**Work request:** Exact copies of all the records are to be printed.

**Source material:**
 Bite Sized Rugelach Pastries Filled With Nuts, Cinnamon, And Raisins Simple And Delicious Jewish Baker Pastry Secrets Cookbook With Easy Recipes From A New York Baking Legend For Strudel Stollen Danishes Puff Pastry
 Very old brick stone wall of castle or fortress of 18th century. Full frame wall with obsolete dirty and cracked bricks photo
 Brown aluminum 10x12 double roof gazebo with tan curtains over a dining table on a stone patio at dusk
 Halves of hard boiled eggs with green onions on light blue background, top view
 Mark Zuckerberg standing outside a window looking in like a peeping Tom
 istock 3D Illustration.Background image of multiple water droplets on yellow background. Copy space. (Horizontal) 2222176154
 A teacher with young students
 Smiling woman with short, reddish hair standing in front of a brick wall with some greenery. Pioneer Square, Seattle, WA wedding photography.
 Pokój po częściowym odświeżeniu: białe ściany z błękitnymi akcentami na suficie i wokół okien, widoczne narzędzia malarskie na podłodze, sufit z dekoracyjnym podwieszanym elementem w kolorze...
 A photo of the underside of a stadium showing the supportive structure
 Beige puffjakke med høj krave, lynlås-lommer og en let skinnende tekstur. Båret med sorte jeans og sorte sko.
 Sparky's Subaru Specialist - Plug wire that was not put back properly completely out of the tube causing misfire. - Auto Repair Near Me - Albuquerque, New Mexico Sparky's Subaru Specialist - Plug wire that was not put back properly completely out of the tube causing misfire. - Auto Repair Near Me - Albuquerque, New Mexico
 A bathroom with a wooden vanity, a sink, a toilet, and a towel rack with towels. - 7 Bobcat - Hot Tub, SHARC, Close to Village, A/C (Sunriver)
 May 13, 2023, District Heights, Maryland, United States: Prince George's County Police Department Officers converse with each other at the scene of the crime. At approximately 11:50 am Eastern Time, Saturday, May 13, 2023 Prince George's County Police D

**Task output:**
 Bite Sized Rugelach Pastries Filled With Nuts, Cinnamon, And Raisins Simple And Delicious Jewish Baker Pastry Secrets Cookbook With Easy Recipes From A New York Baking Legend For Strudel Stollen Danishes Puff Pastry
 Very old brick stone wall of castle or fortress of 18th century. Full frame wall with obsolete dirty and cracked bricks photo
 Brown aluminum 10x12 double roof gazebo with tan curtains over a dining table on a stone patio at dusk
 Halves of hard boiled eggs with green onions on light blue background, top view
 Mark Zuckerberg standing outside a window looking in like a peeping Tom
 istock 3D Illustration.Background image of multiple water droplets on yellow background. Copy space. (Horizontal) 2222176154
 A teacher with young students
 Smiling woman with short, reddish hair standing in front of a brick wall with some greenery. Pioneer Square, Seattle, WA wedding photography.
 Pokój po częściowym odświeżeniu: białe ściany z błękitnymi akcentami na suficie i wokół okien, widoczne narzędzia malarskie na podłodze, sufit z dekoracyjnym podwieszanym elementem w kolorze...
 A photo of the underside of a stadium showing the supportive structure
 Beige puffjakke med høj krave, lynlås-lommer og en let skinnende tekstur. Båret med sorte jeans og sorte sko.
 Sparky's Subaru Specialist - Plug wire that was not put back properly completely out of the tube causing misfire. - Auto Repair Near Me - Albuquerque, New Mexico Sparky's Subaru Specialist - Plug wire that was not put back properly completely out of the tube causing misfire. - Auto Repair Near Me - Albuquerque, New Mexico
 A bathroom with a wooden vanity, a sink, a toilet, and a towel rack with towels. - 7 Bobcat - Hot Tub, SHARC, Close to Village, A/C (Sunriver)
 May 13, 2023, District Heights, Maryland, United States: Prince George's County Police Department Officers converse with each other at the scene of the crime. At approximately 11:50 am Eastern Time, Saturday, May 13, 2023 Prince George's County Police D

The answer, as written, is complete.